The current folder structure has only two top-level folders ('data' and 'raws').  This means that it takes two clicks to get into important folders like data/init, data/save and raw/objects.  Since these folders are accessed much more often than other folders, they should be top-level folders in their own right.

There's also a lot of detritus in the DF main directory.  Exported screenshots and Legends text shouldn't be in the same location as the readme and log files.  compress_bitmaps.bat can easily be modified to operate on the new "exports" directory rather than the main directory.
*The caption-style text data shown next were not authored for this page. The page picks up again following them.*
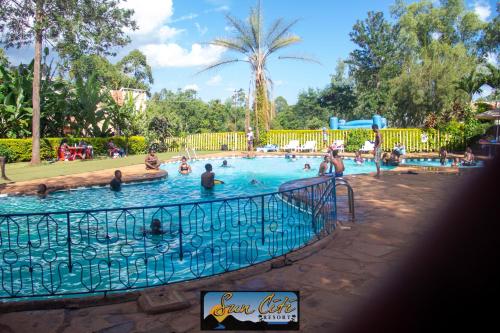 Sunciti Resort Sagana的一群人在公园的游泳池里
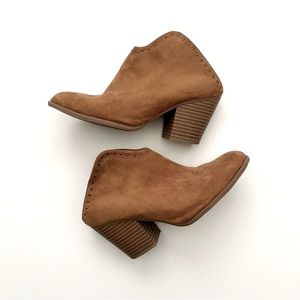 Sonoma Ankle Boot Open Back Women’s Size 7 Carmel Brown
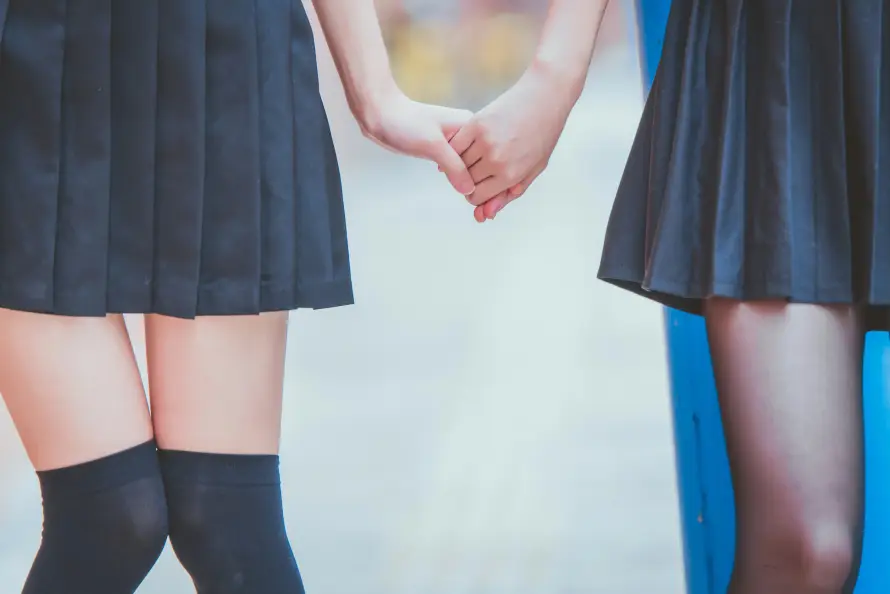 8k制服壁纸-日系 - 牵手-街拍「哲风壁纸」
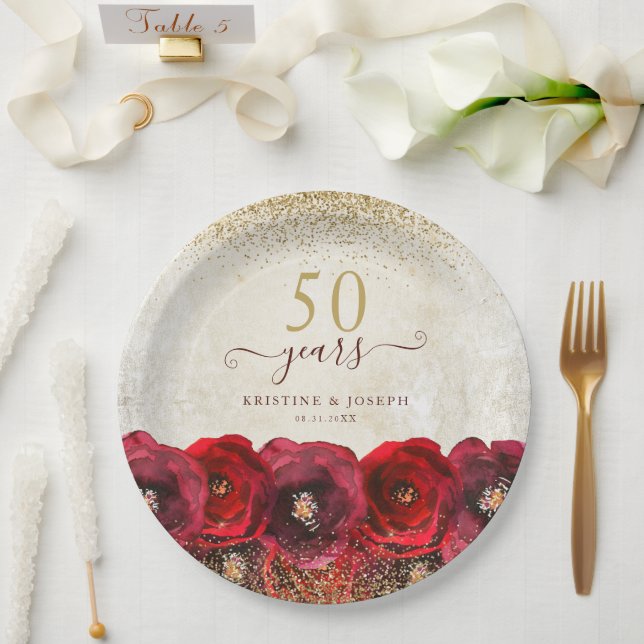 Elegante Rote Rose Floral Gold 50 Jahre Jubiläum Pappteller (Hochzeit)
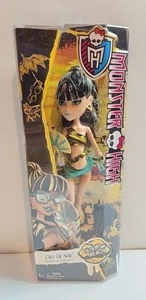 2015 MONSTER HIGH GLOOM BEACH CLEO DE NILE NEW - Picture 1 of 3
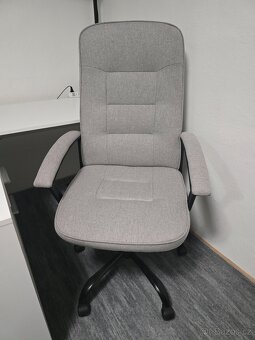 PRODÁM ROHOVÝ PSACÍ STŮL + ŽIDLE - 3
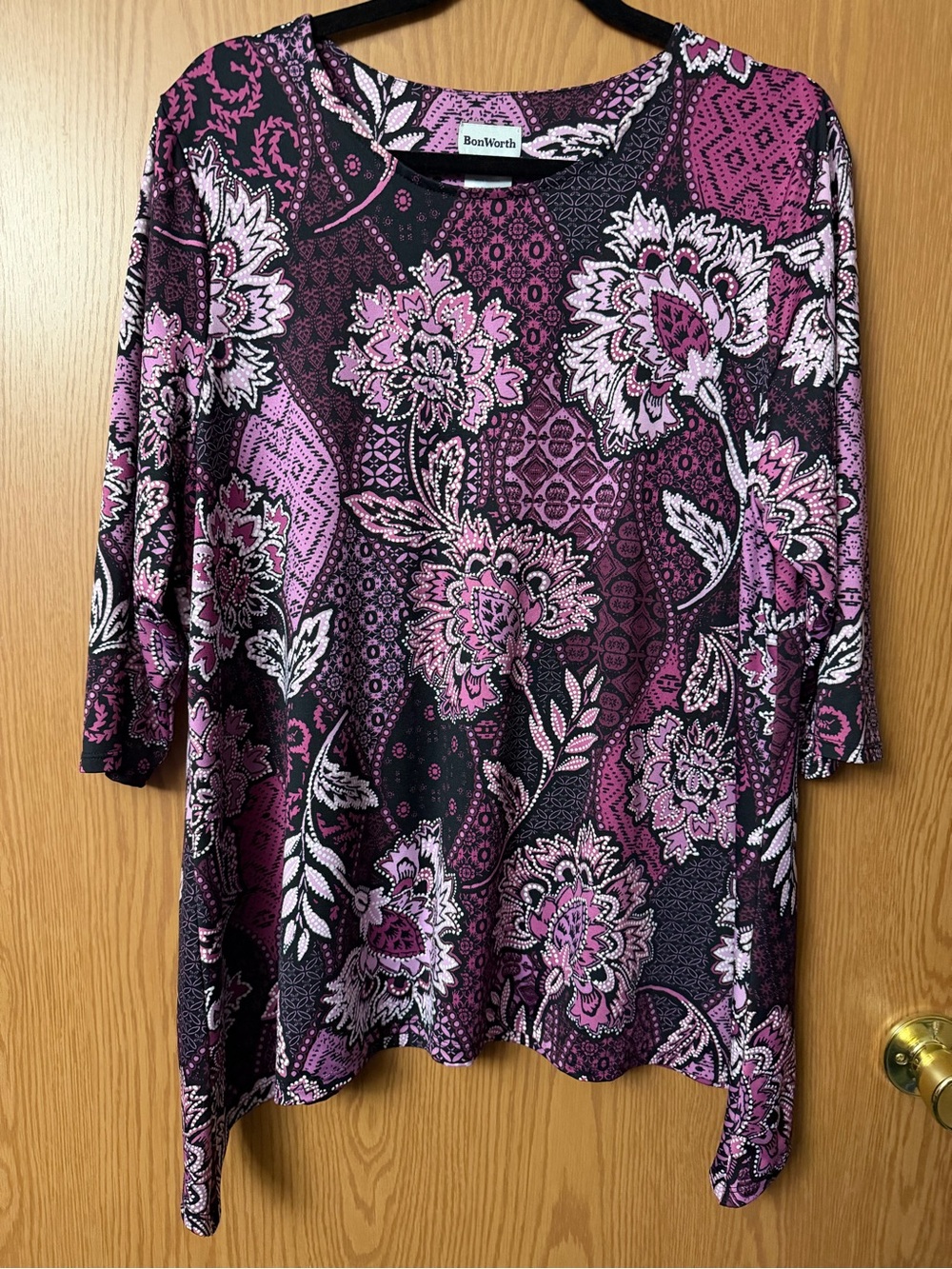 BonWorth Women’s Medium Petite Purple Floral Tunic Top Asymmetrical Hem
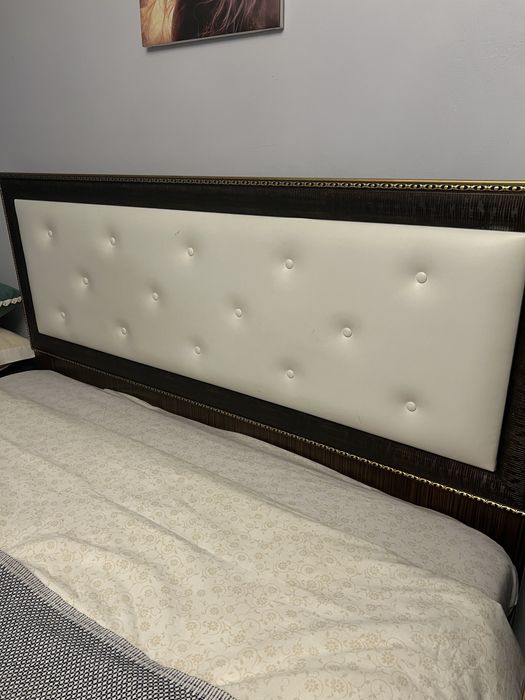 Продам спальню в отличном состоянии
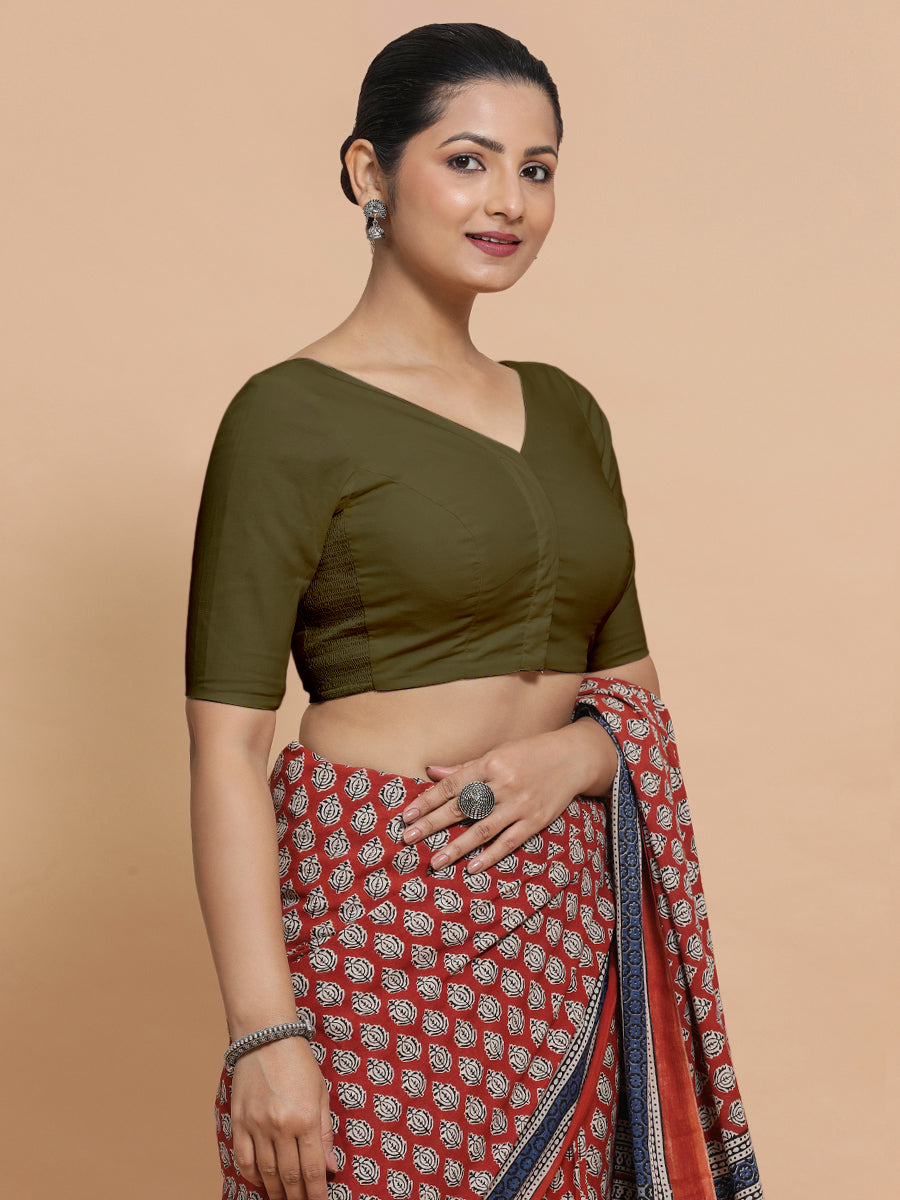 Sonia x Rozaana Saree Blouse, in Green Linen, featuring elbow sleeves and v-neckline, made for daily & work (view 8).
Here's my proposed reorganization:

  • exports
  • graphics
    • fonts (previously "data/art")
    • creatures (previously "raw/graphics")
  • init
    • macros
  • libs (only applicable on Linux/Mac)
  • licenses (for the SDL license, optipng license, etc.)
  • movies
    • initial_movies
  • raw (previously "raw/objects")
  • save
  • sound
  • text
    • announcement
    • help
    • dipscript
    • speech

Side note: it's great that raw/objects gets copied into the saves now, but is there any reason why this is done for raw/graphics as well?  Most graphics packs are used in conjunction with a specific tileset, so it's weird that the graphics get copied but the tileset doesn't.  Also it makes it difficult and annoying to start using graphics on an existing save.
« Last Edit: May 17, 2010, 04:00:12 am by Footkerchief »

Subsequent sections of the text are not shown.